São anos e anos sempre a pensar "Depois começo a correr e a comer melhor e perco o peso" e assim se aumentam 6 kilos que agora não me querem largar nem por nada.
Eu bem que fujo deles, tenho fugido duas vezes por semana, com bastante cansaço, cada vez com mais velocidade e mais tempo, mas o raio dos kilos não me largam. Parece que vieram para ficar. Se calhar tenho de fazer um tratamento mais agressivo: falaram-me em X pulsações por minutos durante X minutos, que só assim é que era possível perder peso, que outra qualquer coisa ficava perto do nada. Treinos aeróbicos, anaeróbicos, e blá blá, blá que não apanhei.
Corro por correr, tenho esperança de no caminho largar lastro.
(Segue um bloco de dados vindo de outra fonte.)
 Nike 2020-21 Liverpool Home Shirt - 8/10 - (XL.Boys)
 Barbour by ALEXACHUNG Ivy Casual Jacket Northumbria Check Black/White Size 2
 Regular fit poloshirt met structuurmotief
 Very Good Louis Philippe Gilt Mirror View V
Também gosto de ver o Tejo ao longe na volta grande; de, na subida, onde antes morria no primeiro candeeiro, já conseguir passar o 3º; além de já não ouvir só 5 músicas no ipod: agora passo pelo transe, jazz, e indiana - são álbuns a desfilar nos meus ouvidos.
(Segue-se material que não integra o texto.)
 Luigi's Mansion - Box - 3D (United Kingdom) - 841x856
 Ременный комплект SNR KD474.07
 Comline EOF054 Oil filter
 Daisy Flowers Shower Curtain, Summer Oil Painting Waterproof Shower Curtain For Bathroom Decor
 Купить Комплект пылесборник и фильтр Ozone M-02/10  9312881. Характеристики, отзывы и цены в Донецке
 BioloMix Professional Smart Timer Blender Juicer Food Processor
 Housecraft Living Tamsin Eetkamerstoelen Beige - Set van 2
Perguntaram-me "Mas e as pulsações? Se não contas as pulsações como é que sabes que perdes peso? E o que é que o cansaço tem a ver com treino? E quanto metros fazes em etapas de quantos minutos?", querendo fazer-me acreditar que se não houver números e gráficos e escalas e sei lá o quê, correr é o mesmo que ficar parada.
Quero acreditar que não.
Hoje no metro, sentado ao lado da Mariana estava o rapazinho vencedor do Peso-pesado. Levava uma mochila e mais um saco de ginásio.Pelos vistos continua a treinar. Poderia perguntar-lhe o segredo, mas não há segredo, e eu sei o que é que é preciso: é querer.
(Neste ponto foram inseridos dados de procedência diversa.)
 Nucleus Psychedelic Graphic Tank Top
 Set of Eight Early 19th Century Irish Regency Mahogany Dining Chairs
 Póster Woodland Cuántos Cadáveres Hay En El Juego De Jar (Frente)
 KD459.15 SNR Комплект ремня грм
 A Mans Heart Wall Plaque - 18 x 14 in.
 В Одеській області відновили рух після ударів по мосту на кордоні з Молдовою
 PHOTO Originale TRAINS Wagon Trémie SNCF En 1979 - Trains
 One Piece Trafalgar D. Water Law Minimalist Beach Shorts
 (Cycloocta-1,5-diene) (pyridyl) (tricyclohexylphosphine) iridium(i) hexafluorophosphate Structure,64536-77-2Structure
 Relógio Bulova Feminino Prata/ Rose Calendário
Uma coisa boa: quando fiz o sprint para o metro (porque com a redução para 3 carruagens na linha verde há agora uma nova fornada de corredores de velocidade em cada estação, desde Telheiras ao Cais do Sodré) senti-me tão bem, tão desportista, tão saudável e resistente. Nada esgotada, apenas com a certeza de que, se reduzirem o metro para uma carruagem só, vou continuar a apanhá-lo mesmo quando ele chega ao cais antes de mim.

1 comentário:

Paula disse...

Bom, acho que as pulsações não fazem diferença nenhuma (desde que te esforces, mas respeitando o teu corpo). Ou melhor, de certeza que fazem, mas não é por contá-las que corremos mais depressa ou mais tempo. Mas e a alimentação? E beber muita água? Essas coisinhas todas deliciosas e gulosas que tens em casa (folhadinhos de queijo de cabra, crepes com chocolate e afins) é que se calhar têm de começar a sair de casa (se tenho disso em casa como tudo, mas dou-me ao luxo de comer chocolate preto quase todos os dias). Porque não tentas falar com a Sofia, irmã da Márcia. De certeza que te dá uma ajuda. E as corridas e a alimentação vão resultar de certeza (ainda por cima o calor está à porta e depois as saladas e a fruta vêm mesmo a calhar).